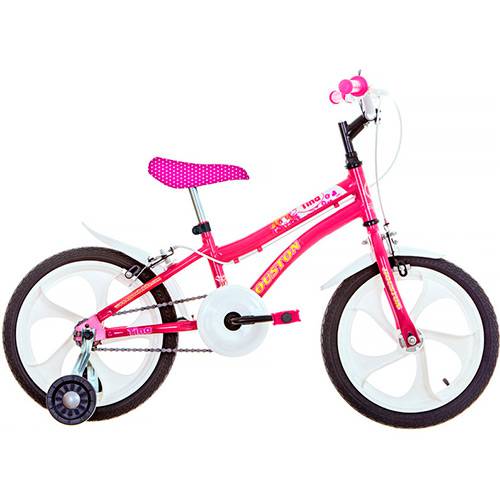 Assistência Técnica, SAC e Garantia do produto Bicicleta Infantil Houston Tina Aro 16 Monovelocidade - Rosa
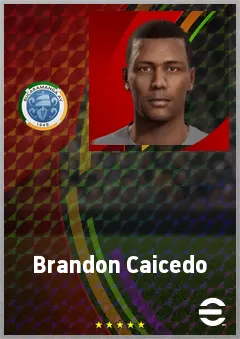Brandon Caicedo eFootball 2026 player card, 68 OVR CF
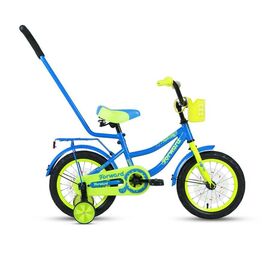 Детский велосипед FORWARD FUNKY 14" 2020, Вариант УТ-00203244: Возраст: 3-5 лет (Рост: 90-110см), Цвет: красный/голубой, изображение  - НаВелосипеде.рф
--------------------
Instructions for the task — None of the pictures should be carried over when the data above is transcribed exactly.

Exercise response —
 Assistência Técnica, SAC e Garantia do produto Bicicleta Infantil Houston Tina Aro 16 Monovelocidade - Rosa
Brandon Caicedo eFootball 2026 player card, 68 OVR CF
 Детский велосипед FORWARD FUNKY 14" 2020, Вариант УТ-00203244: Возраст: 3-5 лет (Рост: 90-110см), Цвет: красный/голубой, изображение  - НаВелосипеде.рф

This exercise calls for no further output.